Ze wordt daarbij bijgestaan door Bart Rijnink, die niet alleen al haar tegenspelers speelt, maar ook het virtuoze geluidsdecor verzorgt. De voorstelling wordt bij vlagen intiemer dan de weinig flatteuze titel doet vermoeden.
Hüpscher – in een flodderig aardbeienpak – heeft een lekker gevoel voor banaliteit en weet in korte, komische sketches het leven als BN’er van al zijn natuurlijke charme te ontdoen. Het huren van een galajurk voor een filmpremière, de ellende van de verplichte clutch (zo’n tasje waar letterlijk niets in past), producenten en andere kunstenaars die verwachten dat je alles gratis doet (‘Reiskosten worden vergoed. Je woont in Amsterdam toch? Lekker met de fiets komen dan!’). En dan is er ook nog het gesteggel met twee zoons en een passief agressieve oma die de boel kritisch in de gaten houdt. Hüpscher vertelt vermakelijk, licht hysterisch en bovenal vol (zelf)spot.

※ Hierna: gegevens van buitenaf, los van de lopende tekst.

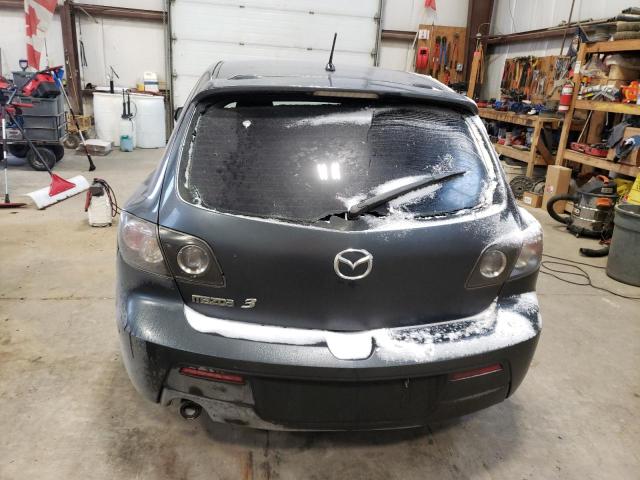 Photo 6 from auction – 2009 MAZDA 3 S with VIN JM1BK343691228410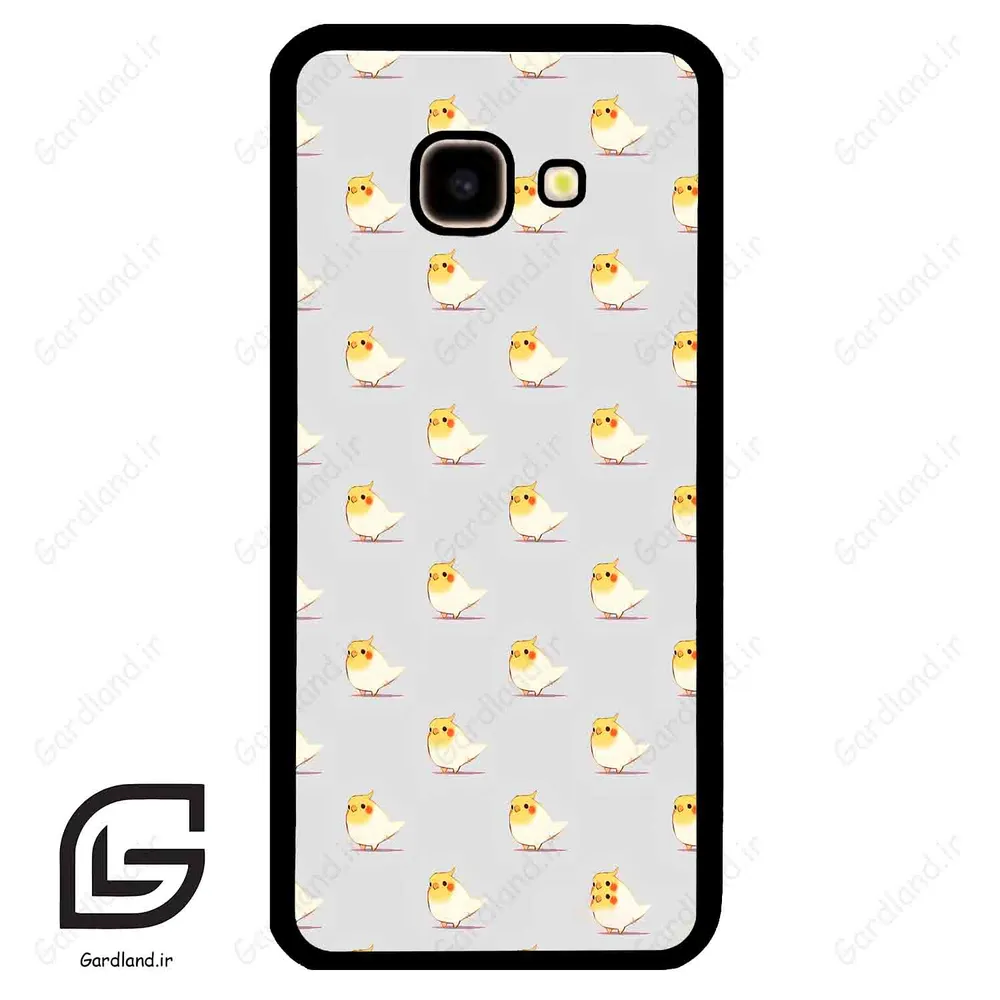 قاب گوشی سامسونگ جی 4 پلاس (Galaxy J4 Plus ) طرح عروس کد 2886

Rijnink is helemaal op zijn plek achter zijn keyboard – waar hij live de soundscape, vol hilarische geluidseffecten, componeert. Dat geeft de voorstelling, behalve de nodige ritme en dynamiek, een bijzondere eigenheid. Maar ook qua spel valt hij op. In de scène waarin hij Hüpscher opbelt om haar te verleiden (of eigenlijk: af te dwingen) om ambassadrice te worden voor de stichting Extreme mothership vallen humor, muzikaliteit en de schrijnende inhoud mooi samen. Ineens legt hij het venijn achter alle aardigdoenerij bloot.
Bovendien overstijgt de voorstelling op de valreep de hilariteit, als Hüpscher zich oprecht zorgen maakt. Want zoals het nu gaat kan het toch niet altijd doorgaan? Straks moet ze nog naar een uitzendbureau – en voor je het weet eindigt ze in een aardbeienpak, aardbeien uitdelend in de Albert Heijn. ‘Ben jij niet bang dat je in een attractie verandert?’
Die laag brengt precies genoeg balans aan om te geloven dat Hüpscher deze vermakelijke voorstelling niet voor niets heeft gemaakt. Zo levert ze samen met Rijnink een aardig volwaardig kleinkunstprogramma af – en dat is voor een voorstelling van een half uurtje een knappe prestatie.